▶ PROBLEM TO WORK ON
Produce exactly the lines from the one holding "Urval av smycken: örhängen" through the last line of the data below, with every picture left out.

▶ EXERCISE DATA
::::::::

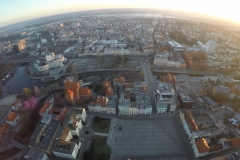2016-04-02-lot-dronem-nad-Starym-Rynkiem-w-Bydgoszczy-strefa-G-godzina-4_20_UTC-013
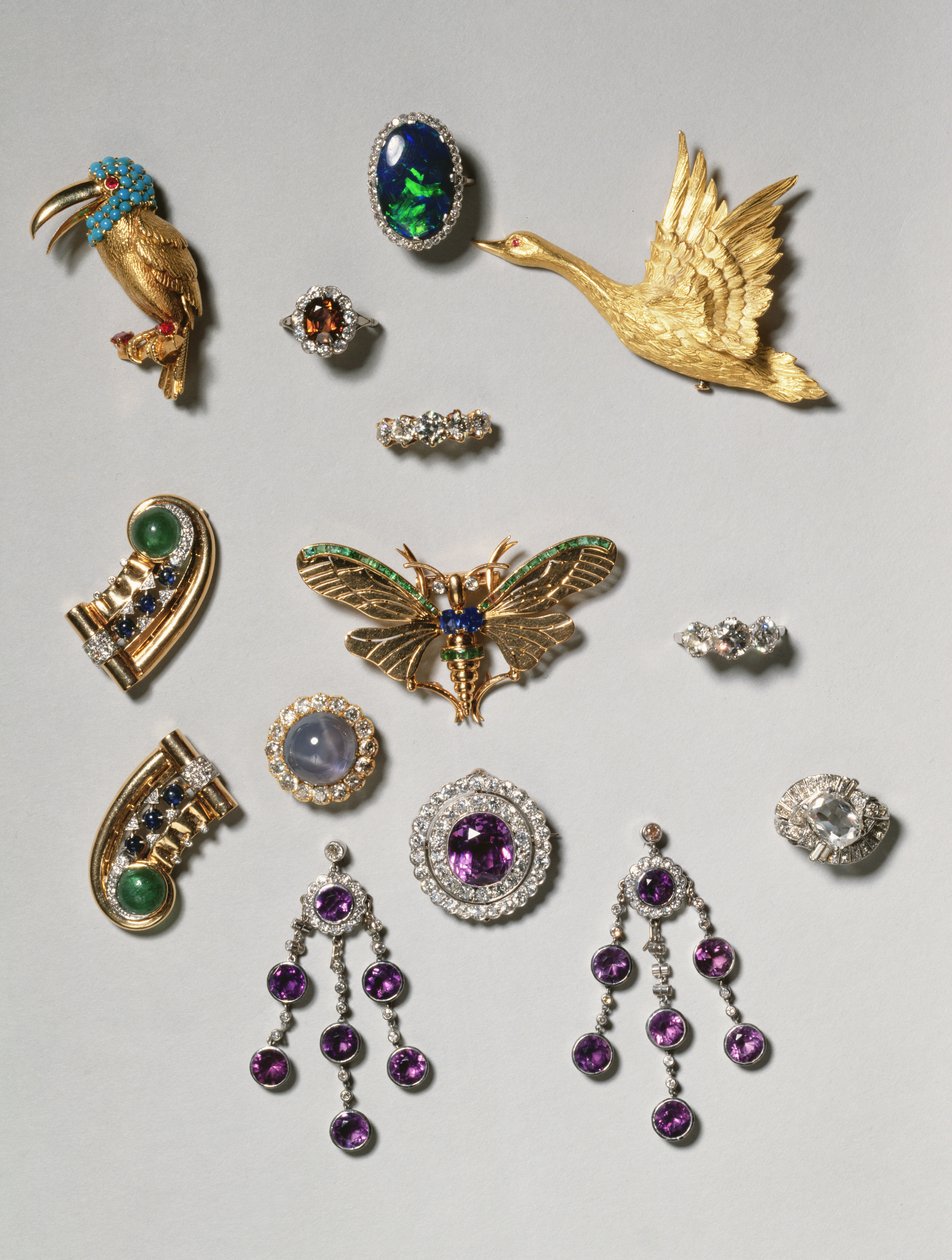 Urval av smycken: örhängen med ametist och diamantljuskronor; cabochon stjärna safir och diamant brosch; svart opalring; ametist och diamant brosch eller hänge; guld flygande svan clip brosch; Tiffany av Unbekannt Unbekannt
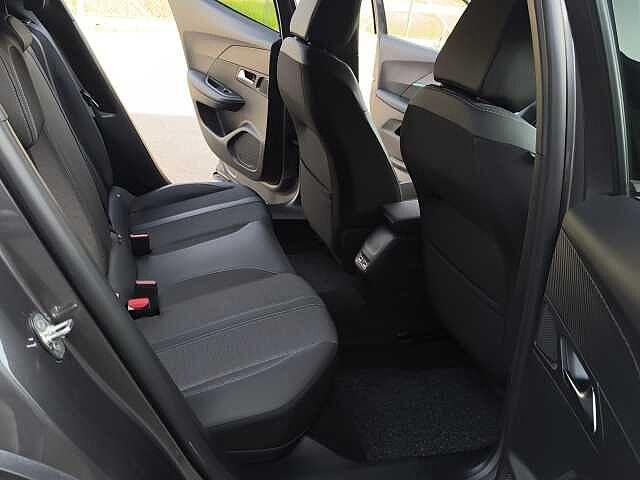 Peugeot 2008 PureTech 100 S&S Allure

::::::::

▶ WRITTEN RESPONSE
 Urval av smycken: örhängen med ametist och diamantljuskronor; cabochon stjärna safir och diamant brosch; svart opalring; ametist och diamant brosch eller hänge; guld flygande svan clip brosch; Tiffany av Unbekannt Unbekannt
 Peugeot 2008 PureTech 100 S&S Allure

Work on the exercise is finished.